Karl Stackmann wird sechzig

Ein Meister der Philologie

 


Der Literaturwissenschaftler Karl Stackmann wird am Sonntag sechzig Jahre alt. Die germanistische Mediävistik verdankt seiner Arbeitsenergie und seinen unerbittlichen Maßstäben an methodischer Präzision und klarer Argumentation gewichtige Editionen. Wenn heute die Geistigkeit des Spätmittelalters zunehmend schärfere Konturen gewinnt und die Traditionsgebundenheit und Ursprünglichkeit dieser so lange vernachlässigten Epoche ans Licht tritt, so ist dies ganz wesentlich sein Verdienst.
Denn nur dank seiner Kennerschaft und Akribie war das Œuvre von Dichtern wie Heinrich Frauenlob und Heinrich von Mügeln zu erschließen. Zur Erforschung der spätmittelalterlichen Spruchdichtung tritt eine erstaunliche Breite und Intensität des wissenschaftlichen Zugriffs, die neben der heroischen Poesie mit Edition und Kommentar des Kudrun-Epos sich Fragen der höfischen Dichtung ebenso widmet wie ausgewählten Kapiteln aus der Geschichte der deutschen Literaturwissenschaft.
Wer so unternehmungsvoll und zupackend sich auch mit den schwierigsten Gegenstandsbereichen seiner Altgermanistik einläßt, wird sich auch der Verantwortung nicht entziehen, wann immer sie sich im akademischen Raum oder in den wissenschafts- und hochschulpolitischen Gremien stellt.

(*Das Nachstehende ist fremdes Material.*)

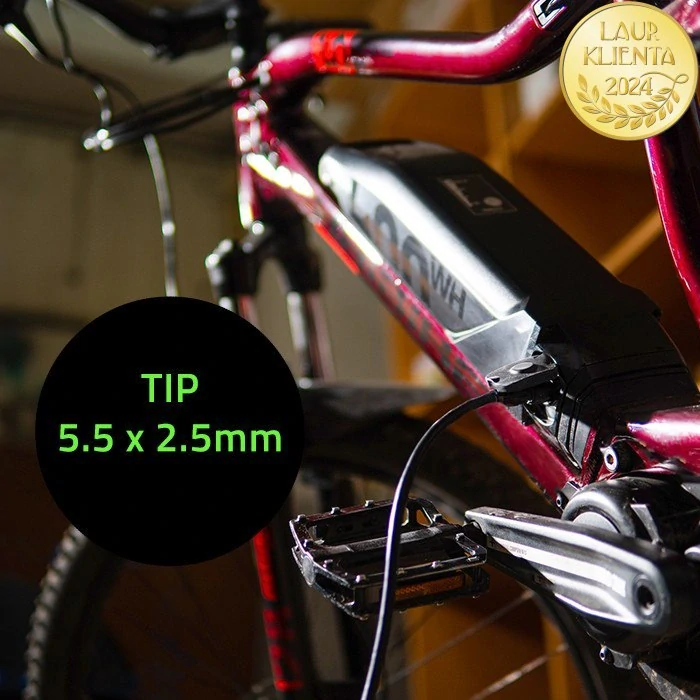 *Qoltec 50333 Rychlá voděodolná nabíječka Qoltec 36V/42V 2A konektor 5,5 x 2,5 mm + napájecí kabel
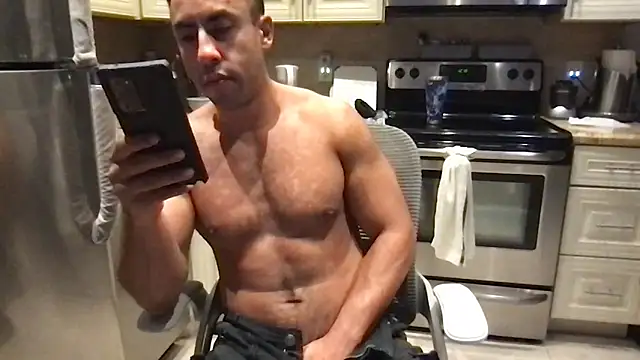 BigGuyMuscle's Live Sex Cam Show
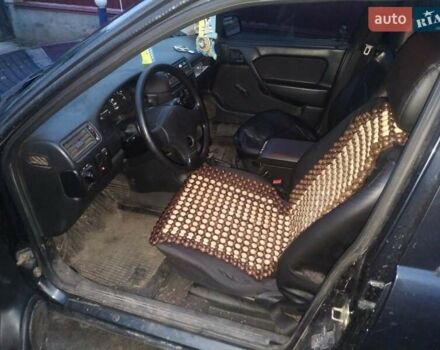 Черный Опель Вектра, объемом двигателя 1.6 л и пробегом 244 тыс. км за 2400 $, фото 5 на Automoto.ua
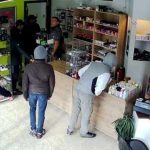 Владелец магазина помог арестовать грабителей, попросив их зайти чуть позже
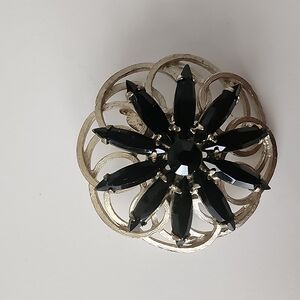 Elegant Black and Silver Floral Brooch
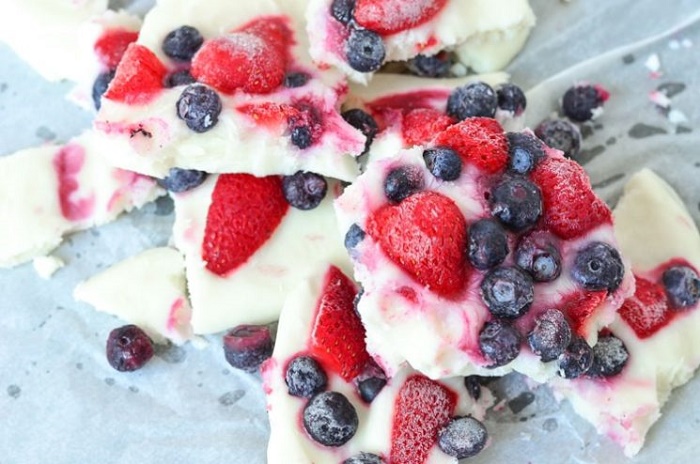 Frozen yogurt with red berries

Geprägt durch die Hamburger deutsche und klassische Philologie eines Hans Pyritz, Ulrich Pretzel und Bruno Snell, war Karl Stackmann, von 1959 bis 1965 Lehrstuhlinhaber in Bonn und seit 1965 Ordinarius in Göttingen, im Amtsjahr 1973/74 Rektor. Er ist Mitglied der Göttinger und der Bayerischen Akademie, war von 1977 bis 1981 Mitglied des Wissenschaftsrates, hat seit 1981 den Vorsitz im Wissenschaftlichen Beirat der Wolfenbütteler Herzog-August-Bibliothek und wirkt seit vielen Jahren an vorderster Stelle in der Deutschen Forschungsgemeinschaft, seit 1980 als deren Vizepräsident.
Wenn sich zur Feier seines Geburtstages die Freunde und Schüler zu einem Symposium um ihn scharen, so ehren sie in Karl Stackmann einen Meister der Philologie, der sich unermüdlich den Aufgaben des Faches und der Gegenwart stellt – ein lebendiger Beweis dafür, daß auch heute noch Forschung und Lehre und mannigfache Beanspruchung durch Ämter und Institutionen spannungsvoll zu verbinden sind.